To get to these wonderful longer-term goals, however, we must proceed via incremental steps, each of which provides coherent, easily testable and demonstrable functionality of its own. This roadmap describes two incremental steps that constitute significant progress along the path toward AGI with capability at human level and beyond, but also possess significant interest and value in their own right. The composite goal of these two steps (Phase 1 and Phase 2) is to create an AGI-controlled virtual agent in an online virtual world, that can carry out various tasks in the world and hold simple conversations regarding its world and its interactions with the objects and agents in it. This AGI is supposed to demonstrate human-like commonsense knowledge, at the rough level of a young child, within the domain of its virtual world (a world which, while lacking the richness of the real physical world, is vastly richer than the various toy domains typically used by AI researchers; and we have put considerable thought into how to create a virtual world sufficiently rich and robust to support the various world-interactions present in, for example, a preschool or a child psychological testing lab).

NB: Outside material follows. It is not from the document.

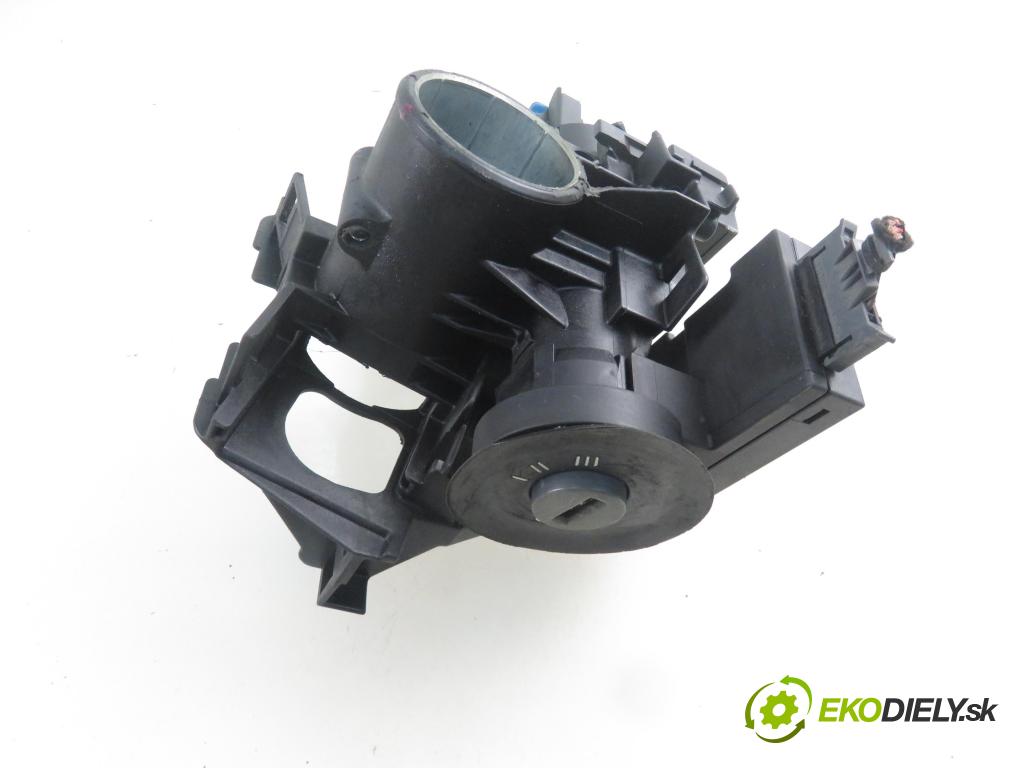 OPEL CORSA C (X01) HB 2004 51,00 1.3 CDTI - Z 13 DT 1248,00 spinačka 13144390 ; 5WK47631 (Spínacie skrinky a kľúče)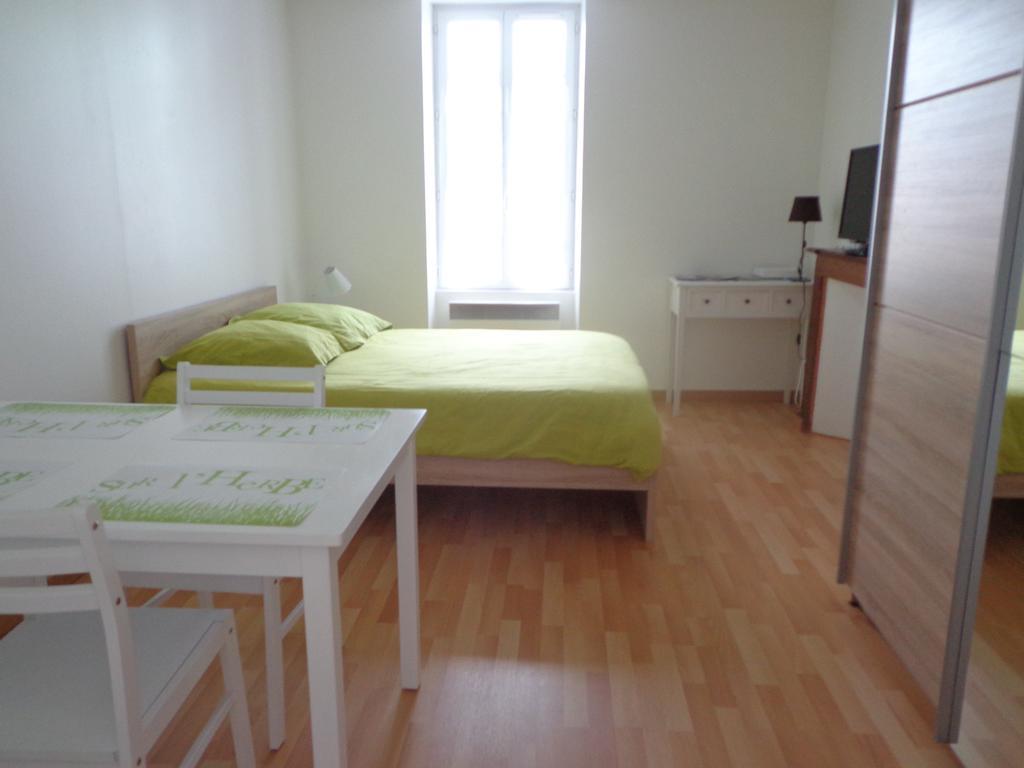 Appartement D'Hotes Guéret Δωμάτιο φωτογραφία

The goal of Phase 1 of the roadmap is to create an artificial general intelligence (AGI) system capable of controlling a humanoid agent in a 3D simulation world, in such a way that this agent can carry out a simple English conversation about its interactions with its simulated environment. This will be done by building on the current OpenCog and RelEx software systems, guided by the OpenCogPrime software design.
A simple example conversation of the sort envisioned at the end of Phase 1 would be as follows:
(i.e. human- controlled avatar)
|What do you see on the table?|
(i.e. OCP-controlled avatar)
|A red cube, a blue ball, and a lot of small balls|
|Human||Which is bigger, the red cube or the blue ball?|
|OpenCog||The blue ball|
|Human||Bring me one of the small balls|
|OpenCog||(walks to table, picks up ball, and brings it to human-controlled avatar)
Here it is
|Human||(takes the ball to another table, where there are three cups turned upside down, one red, one green, and one blue)
I’m going to put the ball under the red cup
(does so, and then shifts the cups around a bit to various different positions)
Where is the ball?
|OpenCog||Under the red cup|
(additional agent, could be human or AI controlled)
|Human||OpenCog, if I ask Bob which cup the ball is under, what will he say?|
|OpenCog||I don’t know|
|OpenCog||He didn’t see you put it under the cup.|
This sort of dialogue seems extremely simple by the standard of ordinary human life, but at present there is no AI system that displays remotely this level of commonsensically savvy conversation, in a reliable and regular way. Yet, all the ingredients needed to support this are present in the OpenCog and RelEx software systems the PI and his colleagues have created over the last 7 years – now it’s “just” a matter of doing some extending, fine-tuning and integrating.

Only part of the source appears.